On 13/12/2011, at 1:04 PM, Julian Reschke wrote:

> On 2011-12-13 13:48, Cameron Heavon-Jones wrote:
>> ...
>>> In my mind, this may be true to some extent. For example, let's say I'm browsing my blog backend, opening the latest post page, and sending a successful DELETE request. If the server replies with a 204 (no content) response, what should my browser do? Nothing? Redirect to post-list?
>>
>> There is nothing which specifies that a server *must* respond to a DELETE with a 204. Why is 204 deemed to be the correct response? If a server is communicating with a user through a html-browser it should be returning content for the user to see. If the server isn't currently doing that, it doesn't invalidate the request, it just means the server doesn't implement that.
>> ...
>
> 204 is a plausible response because there's really nothing else to say when a client requests a delete, and the served did it.
>
> "If a server is communicating with a user through a html-browser it should be returning content for the user to see."
>
> How would it know that?

We started discussing this before and it's good to get back to it :)

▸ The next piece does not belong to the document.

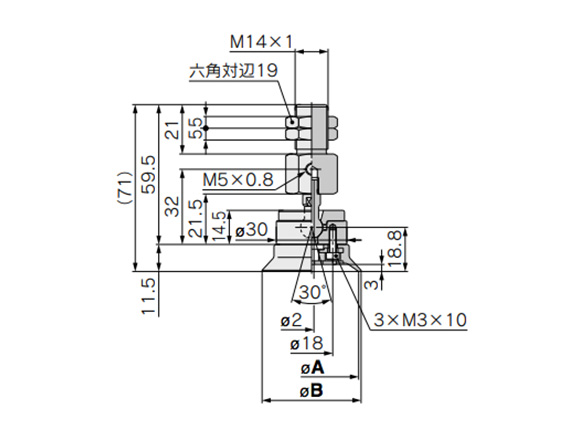 ZP2-XF40/50H□ (ทิศทางการป้อน สุญญากาศ: ด้านข้าง) ดรออิ้งบอกขนาด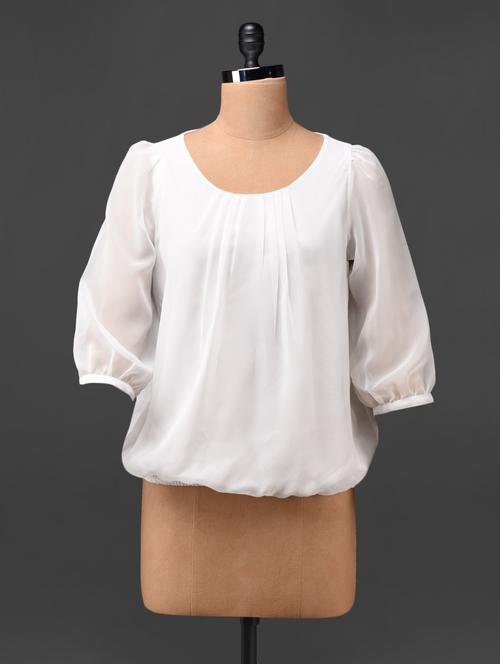 plain three quarter sleeves georgette top - 1056257 - Very Small Image - 1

The standard means of content-negotiation is the Accept header.


>
>>> Is there a list of conflicting use-cases? What is the state of the draft proposal? Can I help in some way?
>>>
>>
>> A list of use cases and concerns to address is really useful, the work Mike has started contains the most up to date state of a proposal.
>>
>> With some further thought, instead of reopening the bug i will just request for it to be raised as a tracker issue as it will require the full attention of the working group. From there proposals are solicited as a means of applying changes to the specification.
>>
>> I hope that you and everyone else who has been involved so far will remain engaged in the issue and that this will progress united and with as much community help as can be provided.
>
> I think this would be premature without a complete proposal. And no, I don't think this is going to be in HTML5, unless there'll be a big change to the proposed timeline.
>
> Best regards, Julian


I'm in the process of requesting this be raised as a tracker issue(s). Are you suggesting that escalating is premature before a final proposal is written?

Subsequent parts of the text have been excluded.